HOW TO COMPLETE THIS TASK -
Give an exact copy of the lines of the records below, starting at the line containing "England - Martin Engelmann" and running to the end.

RECORDS PROVIDED -
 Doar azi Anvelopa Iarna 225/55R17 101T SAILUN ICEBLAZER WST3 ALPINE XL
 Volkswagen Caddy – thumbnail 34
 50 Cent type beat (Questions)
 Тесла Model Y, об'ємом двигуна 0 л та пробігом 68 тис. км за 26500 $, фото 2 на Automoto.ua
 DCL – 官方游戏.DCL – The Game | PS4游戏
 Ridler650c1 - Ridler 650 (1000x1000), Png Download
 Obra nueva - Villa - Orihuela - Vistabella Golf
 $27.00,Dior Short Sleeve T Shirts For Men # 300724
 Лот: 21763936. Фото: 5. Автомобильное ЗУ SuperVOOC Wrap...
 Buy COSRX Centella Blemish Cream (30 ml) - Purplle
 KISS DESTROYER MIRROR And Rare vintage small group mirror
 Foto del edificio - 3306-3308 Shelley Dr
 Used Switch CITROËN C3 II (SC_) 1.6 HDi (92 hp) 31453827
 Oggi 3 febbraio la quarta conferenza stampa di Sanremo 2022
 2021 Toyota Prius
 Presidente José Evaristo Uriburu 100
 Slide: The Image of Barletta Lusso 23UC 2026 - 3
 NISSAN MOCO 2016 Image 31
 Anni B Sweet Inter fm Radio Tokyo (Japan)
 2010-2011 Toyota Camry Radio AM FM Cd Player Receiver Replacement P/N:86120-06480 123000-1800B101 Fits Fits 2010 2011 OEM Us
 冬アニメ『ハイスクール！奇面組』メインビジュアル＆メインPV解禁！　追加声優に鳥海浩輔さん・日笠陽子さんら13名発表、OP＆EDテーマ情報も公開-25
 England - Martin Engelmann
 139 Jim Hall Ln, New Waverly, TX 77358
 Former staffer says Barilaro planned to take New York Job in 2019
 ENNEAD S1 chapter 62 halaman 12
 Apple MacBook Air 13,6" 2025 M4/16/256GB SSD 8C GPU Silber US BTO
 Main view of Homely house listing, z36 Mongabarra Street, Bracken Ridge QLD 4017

SOLVED PROBLEM -
 England - Martin Engelmann
 139 Jim Hall Ln, New Waverly, TX 77358
 Former staffer says Barilaro planned to take New York Job in 2019
 ENNEAD S1 chapter 62 halaman 12
 Apple MacBook Air 13,6" 2025 M4/16/256GB SSD 8C GPU Silber US BTO
 Main view of Homely house listing, z36 Mongabarra Street, Bracken Ridge QLD 4017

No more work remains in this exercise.